WORK INSTRUCTION -> Apart from the pictures, the listing is to be returned exactly.
#### COLLECTED MATERIAL
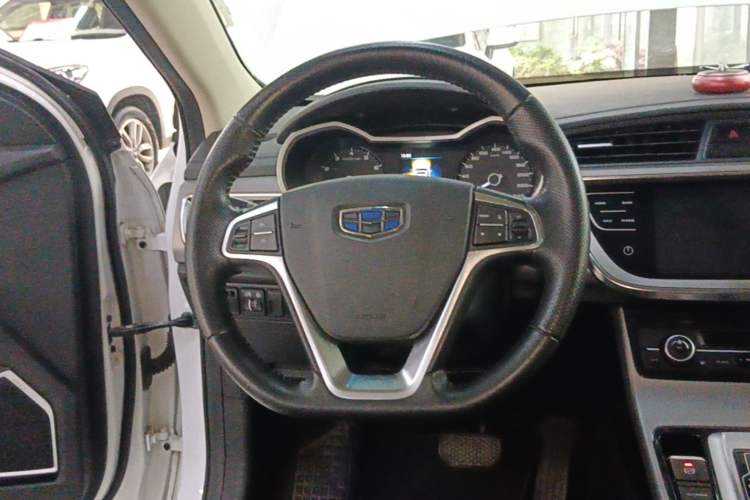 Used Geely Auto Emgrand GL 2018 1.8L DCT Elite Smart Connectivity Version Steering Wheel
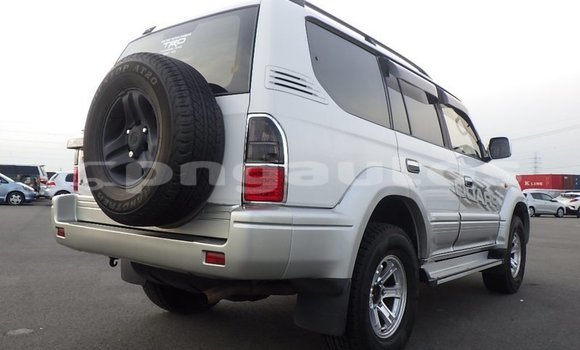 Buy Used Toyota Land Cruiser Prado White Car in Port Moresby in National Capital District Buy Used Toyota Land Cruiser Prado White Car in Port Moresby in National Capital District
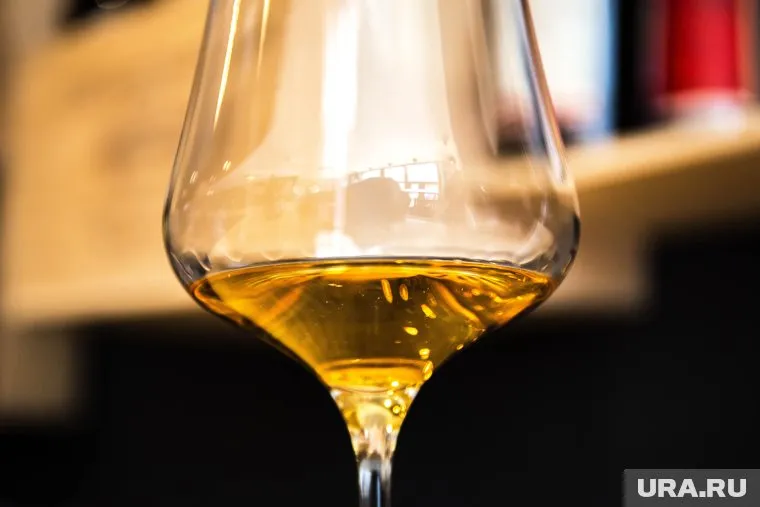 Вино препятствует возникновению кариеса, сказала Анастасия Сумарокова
########
SOLUTION TO THE EXERCISE ->
 Used Geely Auto Emgrand GL 2018 1.8L DCT Elite Smart Connectivity Version Steering Wheel
 Buy Used Toyota Land Cruiser Prado White Car in Port Moresby in National Capital District Buy Used Toyota Land Cruiser Prado White Car in Port Moresby in National Capital District
 Вино препятствует возникновению кариеса, сказала Анастасия Сумарокова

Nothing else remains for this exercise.